SAN FRANCISCO – Il y a près de 30 ans, les économistes Robert Solow et Stephen Roach avaient suscité un vif émoi en soulignant qu’en dépit des milliards de dollars investis dans les technologies de l’information, ils n’avaient pas eu de gains de productivité pour corollaire.

Les entreprises achetaient des dizaines de millions d’ordinateurs chaque année et Microsoft venait d’entrer en Bourse, permettant à Bill Gates d’engranger son premier milliard de dollars. Et pourtant, les statistiques nationales américaines ont montré que non seulement la productivité n’augmentait pas, elle ralentissait, un phénomène connu depuis sous le nom de « paradoxe de la productivité ». « L’ère informatique est partout visible » a malicieusement lancé Solow, « sauf dans les statistiques de la productivité ».

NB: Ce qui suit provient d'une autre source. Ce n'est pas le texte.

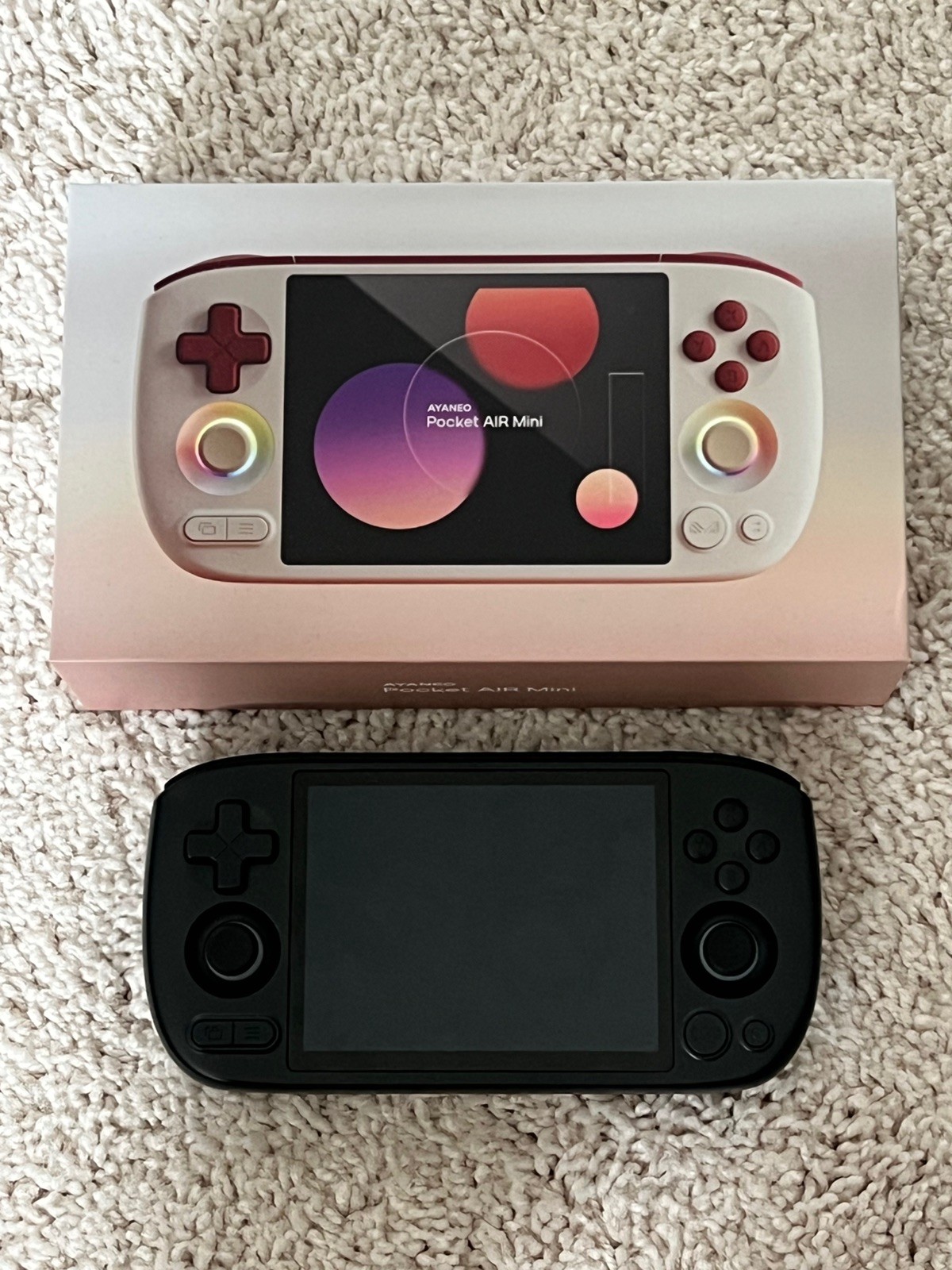 AYANEO Pocket AIR Mini Handheld Game Console 3GB 64GB Black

Nous pourrions aujourd’hui nous trouver à un moment historique similaire avec une nouvelle innovation : le fameux Internet des Objets – le lien créé entre des machines et des objets et les réseaux numériques. Des capteurs, des étiquettes et autres ressources embarquées connectées signifient que le monde physique peut aujourd’hui être numérisé, suivi, mesuré et optimisé. Comme auparavant dans le cas des ordinateurs, les possibilités semblent infinies, les prévisions ont été extravagantes – et les données ne reflètent pour l’instant aucune progression de la productivité. Il y a un an, l’entreprise américaine de conseil et de recherche Gartner plaçait l’internet des objets au sommet de la courbe Hype des attentes exagérées en matière de technologies émergentes.

Alors que les doutes concernant la révolution de productivité liée à l’internet des objets se font de plus en plus nombreux, il est utile de rappeler ce qui s’est produit lorsque Solow et Roach ont identifié l’originel paradoxe de la productivité lié à l’informatique. Il faut tout d’abord souligner que les chefs d’entreprise ont dans l’ensemble ignoré le paradoxe de la productivité parce qu’ils constataient des améliorations de la qualité et de la rapidité des opérations et des prises de décisions. Les investissements dans les technologies de l’information et de la communication se sont poursuivis malgré l’absence de preuve de leur rendement au plan macroéconomique.

Il s’est avéré que c’était la bonne décision. A la fin des années 1990, les économistes Erik Brynjolfsson et Lorin Hitt ont réfuté le paradoxe de la productivité, exposant des erreurs dans la manière dont était mesurée la productivité dans le secteur des services et surtout, notant qu’il y avait en général un laps de temps important entre les investissements dans les technologies et les gains de productivité.

Les recherches que nous avions menées à la même époque ont dévoilé un bond de productivité à la fin des années 1990, en grande partie du aux gains d’efficacité réalisés grâce aux investissements antérieurs dans les technologies de l’information. Ces gains étaient manifestes dans plusieurs secteurs, dont la vente de détail, le commerce de gros, les services financiers et l’industrie informatique même. La plus grande croissance de la productivité n’était pas due aux technologies de l’information en elles-mêmes, mais à la combinaison des changements de processus et d’innovations gestionnaires et organisationnelles.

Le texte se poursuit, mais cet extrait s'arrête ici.